I highly recommend checking out downtown Los Angeles’s Japanese American National Museum’s exhibit, Instructions to all Persons: Reflections on Executive Order 9066. It runs until August 13th, 2017. I learned much of the history from the museum. However, actually standing in the very place where such horror and injustice occurred was sobering, to say the very least.
I was standing in one of the barracks, reading and looking at the makeshift rooms that provided a visual for the conditions in which large families lived. Some of the single men and women shared rooms with several other single men and women, having to hang sheets as room dividers.
On the other side of the thin walls, I could hear two men conversating. One of them casually stated, “This isn’t so bad.” He was speaking in reference to the size and condition of the room in which he was standing. I couldn’t help but roll my eyes, scoffing in disgust at the white privilege he was so blindingly exhibiting.
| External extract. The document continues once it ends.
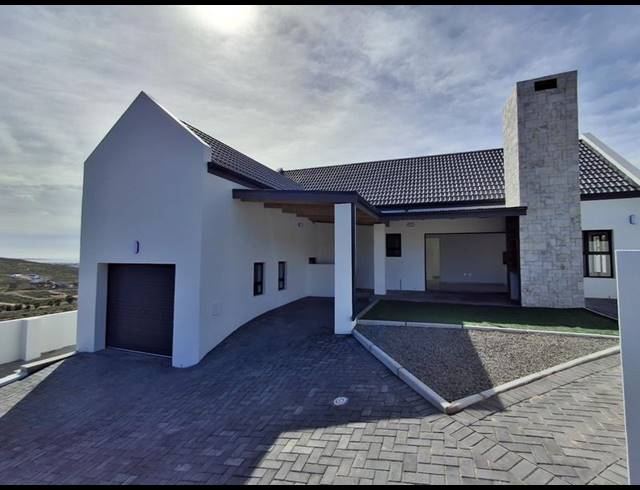 3 BEDROOM HOUSE FOR SALE IN ST HELENA VIEWS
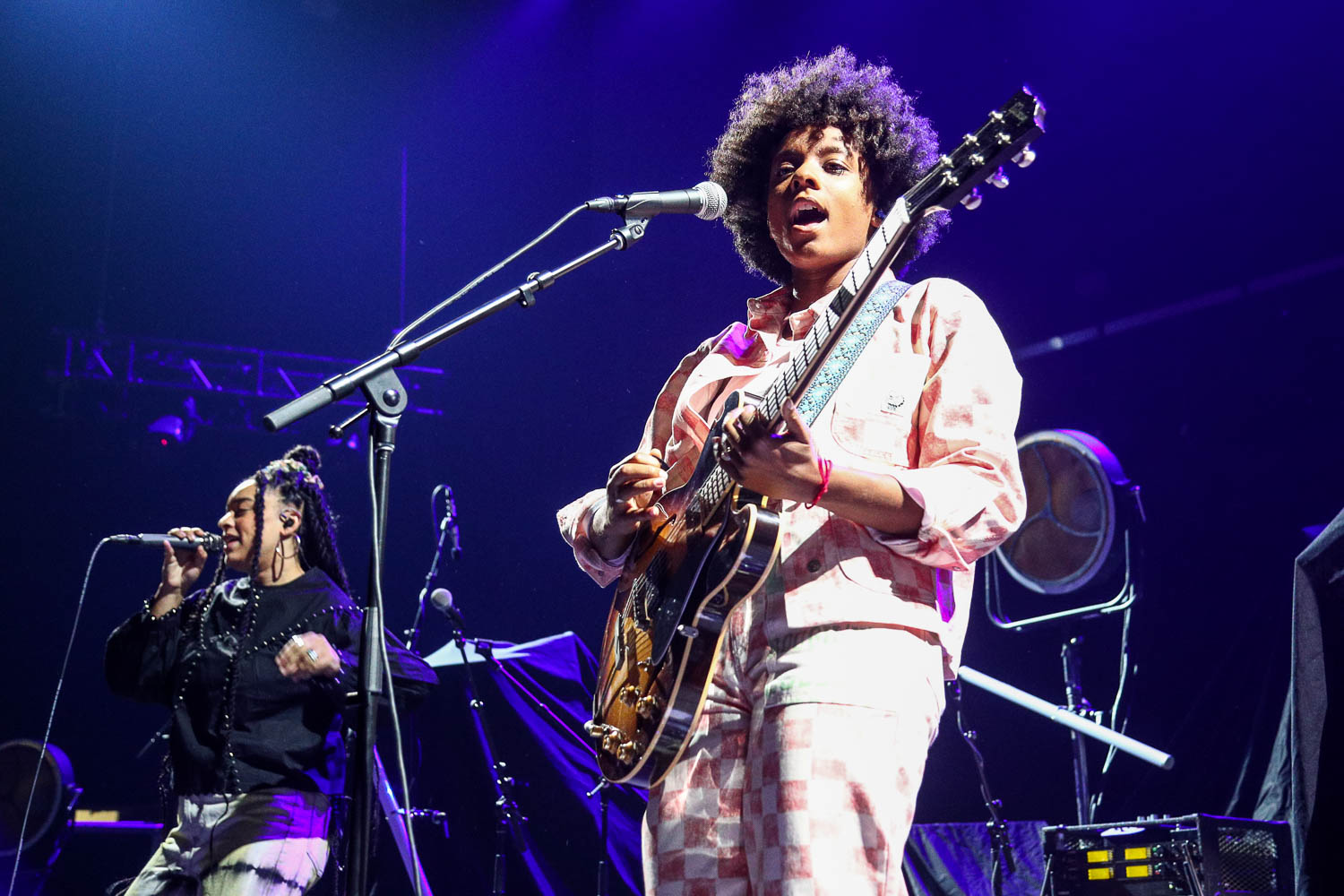 Zandy Mowry (Fitzgerald), guitarist of The New Respects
They made their way into the room I was in. The same guy who made the ignorant statement proceeded to press all of the buttons on the museum’s information panel without placing the headphones on and then belched. Rolling my eyes once again, I walked away to the other side of the room. I was discouraged because I knew there were many who shared in his lack of empathy.
MANZANAR – SO MUCH MORE THAN AN APPLE ORCHARD
At Manzanar, Spanish for “apple orchard,” many of the original buildings no longer exist. The grounds remain a national historic park service site, preserving the dark and sordid American history. Barbed wire still frames the three-and-a-half-mile driving tour. The wind whips sand and dirt at high speeds under the desert sun, even in the spring. After a two to three-hour tour, I come away with a slight sunburn, dry eyes, chapped lips, and a heavy heart. One can only imagine what the summer and winter must have been like for some 10,000 prisoners over two-plus years.
My tour concluded at the Manzanar Cemetery, where a beautiful obelisk stands tall against the backdrop of the commanding, snow-capped Eastern Sierras and the great Mount Whitney. The three Japanese characters read, “soul consoling tower.” Another plausible translation is “memorial to the dead.” Several graves dot the surrounding rocky grounds, as well as a pet cemetery.
I leave a stone upon the column that has traveled with me for months. It was with me on my travels to Peru, symbolic of protection and guidance. The solemnity was palpable. I earnestly tried imagining walking the grounds of this place, an American prisoner, in early 1942. Under the afternoon sun, I silently hoped our children wouldn’t have to visit a place like this in the future of our generation.